TASK OBJECTIVE: The data is to be repeated exactly, with the images removed.

SOURCE MATERIAL:
#####

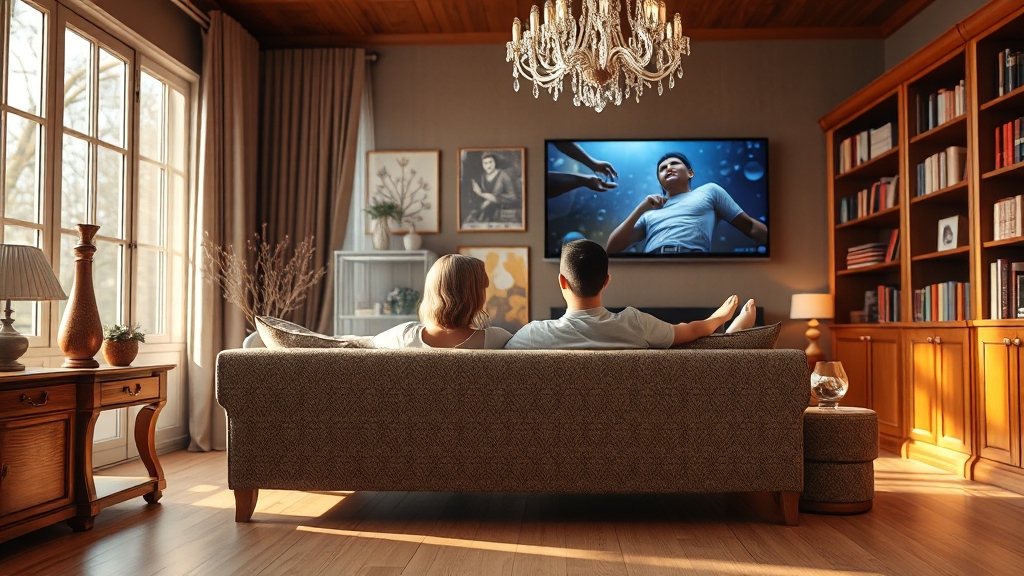 우리 집에 딱 맞는 높이는? (realistic 스타일)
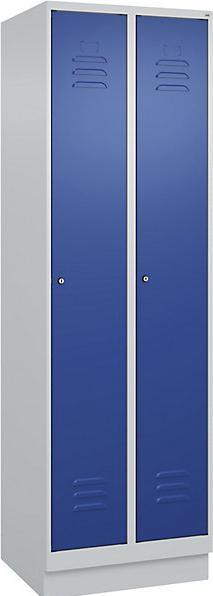 Actual product image C+P Classic PLUS locker (60 cm, 195 cm)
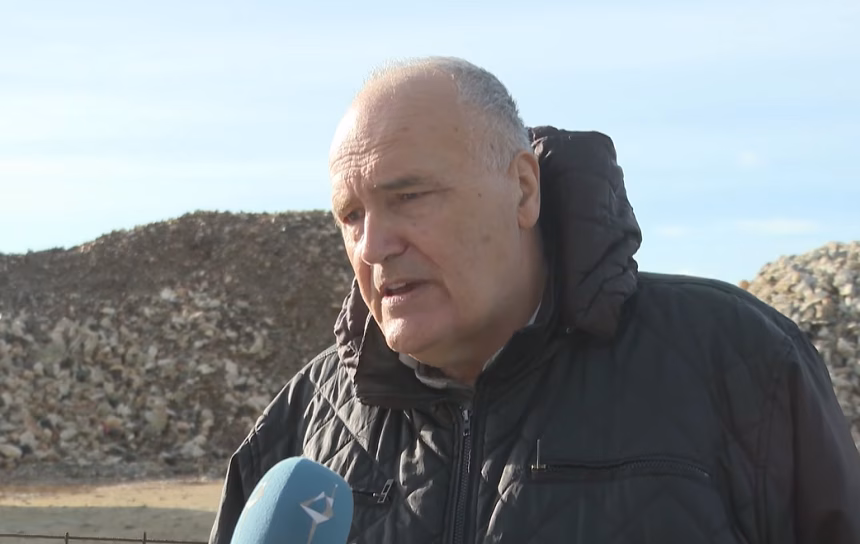 Šošo/Foto: printscreen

#####

RESPONSE BOX:
 우리 집에 딱 맞는 높이는? (realistic 스타일)
 Actual product image C+P Classic PLUS locker (60 cm, 195 cm)
 Šošo/Foto: printscreen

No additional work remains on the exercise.